新型コロナウイルスの感染拡大という未曽有の事態により、様々な事柄のパーセプションが短期間で変化している。本連載を担当するPRの専門家として、この点を解説したい。新型コロナの影響により急速にパーセプションが変化したオンライン会議システム「Zoom」、マスク、ハンドドライヤーの3つを取り上げる。

オンライン会議サービス「Zoom」は新型コロナウイルスの感染拡大で、ビジネス用途だけでなく一般消費者にも利用が広がった
オンライン会議サービス「Zoom」は新型コロナウイルスの感染拡大で、ビジネス用途だけでなく一般消費者にも利用が広がった

 まずはPRにおけるパーセプションについておさらいをしよう。パーセプションは「認識」と訳されることが多いが、さらに平たく言えば「モノの見方」くらいに考えてもいいだろう。そしてパーセプションは、様々な要素で変化する。であるならば、マーケティング的には商品を世の中に広めるために、自分たちに有利なパーセプションをつくり出したい、と思うだろう。確かに、パーセプションを意図的に変えることは不可能ではない。

 パーセプションチェンジ(認識変容)とは、その対象に対して既存のパーセプションがあり、それが何らかの状況変化や仕掛けによって「変わる」ことを指す。だが、その変わり方にはいくつかパターンがある。既存のパーセプションがまったく新しいパーセプションに完全に変容してしまうこともあれば、新たなパーセプションを獲得することで、パーセプションが「拡張」するケースもある。今回は新型コロナウイルスの感染拡大でパーセプションが拡張した事例を紹介しよう。

パーセプションをマーケティングに生かす方法は「かえる」「つくる」「はかる」「まもる」「いかす」の5つ。今回は「かえる」事例だ
パーセプションをマーケティングに生かす方法は「かえる」「つくる」「はかる」「まもる」「いかす」の5つ。今回は「かえる」事例だ

 パーセプションが生まれる要素の1つに「タイミング」がある。新型コロナウイルスは社会が大きく転換するタイミングだ。そもそもパーセプションは、社会を包む空気と密接な関係にある。そして、社会の空気をコントロールすることは難しい。10年前は良かったけれど、今は悪い印象がついてしまう、あるいはその逆もまたしかり。パーセプションは社会の空気とともに変化する。

 社会の空気は本来短期的に変わるものではなく、中長期的にじわじわと変化するものだ。そして、変化する社会の空気に寄り添い、社会的なタイミングを自分たちの味方につける、それが戦略PRの真骨頂でもある。一過性のキャンペーンや大量の広告投下によって、一時的に空気が変わることはあるが、それが定着することはほぼない。自分たちが望むパーセプションに変化させたいのであれば、中長期的な視点でプロジェクトを策定し、遂行していく他はないのだ。

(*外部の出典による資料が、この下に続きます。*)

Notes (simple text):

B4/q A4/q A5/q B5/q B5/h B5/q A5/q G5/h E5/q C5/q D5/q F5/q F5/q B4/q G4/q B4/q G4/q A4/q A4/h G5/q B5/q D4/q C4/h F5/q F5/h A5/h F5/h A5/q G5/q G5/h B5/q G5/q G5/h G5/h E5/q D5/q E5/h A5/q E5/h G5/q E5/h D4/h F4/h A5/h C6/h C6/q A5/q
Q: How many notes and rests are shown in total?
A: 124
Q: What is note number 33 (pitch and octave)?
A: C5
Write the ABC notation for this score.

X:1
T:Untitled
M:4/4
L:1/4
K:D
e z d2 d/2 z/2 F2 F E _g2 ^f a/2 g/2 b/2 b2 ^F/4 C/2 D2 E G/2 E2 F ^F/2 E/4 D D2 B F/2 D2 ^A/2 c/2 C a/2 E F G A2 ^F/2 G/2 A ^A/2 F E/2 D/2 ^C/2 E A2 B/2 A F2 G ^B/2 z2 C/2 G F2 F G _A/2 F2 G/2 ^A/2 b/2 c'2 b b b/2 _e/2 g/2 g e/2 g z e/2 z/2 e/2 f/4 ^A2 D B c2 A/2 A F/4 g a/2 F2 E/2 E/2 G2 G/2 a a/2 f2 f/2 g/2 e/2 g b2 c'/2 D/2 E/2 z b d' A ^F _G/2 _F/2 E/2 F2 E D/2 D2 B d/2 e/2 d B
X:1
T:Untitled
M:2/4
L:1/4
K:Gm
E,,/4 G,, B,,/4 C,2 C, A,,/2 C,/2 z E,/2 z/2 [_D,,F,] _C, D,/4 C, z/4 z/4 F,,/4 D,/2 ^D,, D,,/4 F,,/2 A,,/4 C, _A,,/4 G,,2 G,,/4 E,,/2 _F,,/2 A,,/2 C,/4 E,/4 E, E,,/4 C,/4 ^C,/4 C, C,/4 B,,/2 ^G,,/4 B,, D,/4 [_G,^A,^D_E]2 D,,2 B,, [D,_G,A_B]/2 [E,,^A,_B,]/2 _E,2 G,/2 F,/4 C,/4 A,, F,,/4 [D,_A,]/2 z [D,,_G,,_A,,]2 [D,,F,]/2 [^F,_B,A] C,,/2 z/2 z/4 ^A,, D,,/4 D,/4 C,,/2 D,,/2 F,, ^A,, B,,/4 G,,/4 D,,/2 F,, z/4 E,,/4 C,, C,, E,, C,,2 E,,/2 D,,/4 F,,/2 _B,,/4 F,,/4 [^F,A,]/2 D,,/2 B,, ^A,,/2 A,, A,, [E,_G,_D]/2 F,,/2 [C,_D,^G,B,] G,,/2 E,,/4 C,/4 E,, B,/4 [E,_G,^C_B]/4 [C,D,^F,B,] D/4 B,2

 だからこそ今回、新型コロナウイルスの流行により、様々なパーセプションチェンジが、短期間で起こっている事実は驚嘆するばかりである。

会議システムからコミュニケーションツールへ

 新型コロナウイルスの感染拡大によって新たなパーセプションがつくられ、利用者が急増したのが米ズーム・ビデオ・コミュニケーションズのオンラインビデオ会議サービス「Zoom」だ。在宅勤務によってビデオ会議が急速に普及する中、Zoomは特に脚光を浴びている。

 Zoomとは複数人での会議に対応した、オンライン会議サービス。ホスト役が管理画面から会議を設定して、アクセス先のURLを参加者と共有するだけで、オンライン会議が実施できる。アカウントの開設は無料で、1対1の会議なら無料プランでも無制限で利用可能(3人以上なら40分までは無料)。月額2000円の有料プランを契約すると、会議の時間や参加人数の制限がなく利用できる。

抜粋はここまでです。